El Profesor Losko Jones nos hace el siguiente informe sobre un hecho físico que llama la atencion de los profanos en Ciencia:
La barrera del sonido se descubre a finales de siglo y principios del otro. El científico italiano Barriere du Gramofone, tras meses de investigación, sentó las bases de lo que hoy en día se conoce como Otoreflectancia Acústica de Sujetos Suspendidos (OASS).
El experimento de nuestro protagonista consistió en introducir un sujeto de prominentes pabellones auditivos en un habitáculo completamente sellado. El objetivo: aislar mediante barreras el sonido exterior.
Esta primera experiencia no pudo catalogarse de éxito, pues tras 20 minutos, el sujeto de prominentes pabellones auditivos falleció a causa de la ausencia de oxígeno.
Lejos de decaer, Barriere solventó este detalle, introduciendo, en esta ocasión, una bombona de oxígeno con otro sujeto de prominentes pabellones auditivos. En esta ocasión la experiencia fue un éxito y Barriere pudo afirmar:
“Cualquier sonido que se encuentre con una barrera en su desplazamiento rebotará contra ella y volverá exactamente por donde ha venido”.
Sentadas así las bases de la OASS y sumando a ésta el descubrimiento de Jacques de Chopé en el que queda patente que el sonido se desplaza en forma de lonchas; se continuó indagando en el fenómeno.
Exactamente a finales del mismo siglo y principios del otro, Montagny de Sonotôn aseguró que “no solo cualquier sonido que se encuentre con una barrera en su desplazamiento rebotará contra ella y volverá exactamente por donde ha venido, sino que esta ley se cumple también con líquidos, gases, plasmas y antimaterias varias”.

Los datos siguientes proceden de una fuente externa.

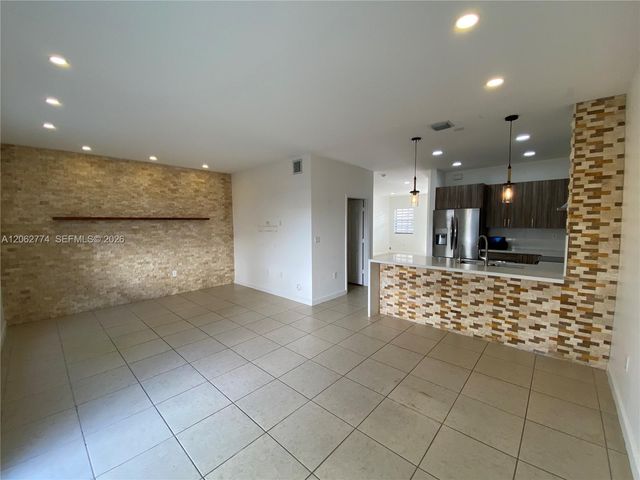 343 NE 37th Ter, Homestead, FL 33033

En conclusión, y respondiendo a la pregunta de nuestro lector, se sientan, por tanto, las teorias de la Barrerización Sonora (también llamadas del Sonido Encarcelado), que tras largos debates científicos aseveran:
“Todo sonido, líquido, gas, plasma y antimateria varia encerrados en barreras de mono o biacristalamiento, así como los encerrados en barreras hormigosas, óseas, plásticas, metálicas, florales o minerales, o bien los encerrados en barreras compuestas por su misma composición, al romper dicha barrera deberán pagar los desperfectos”.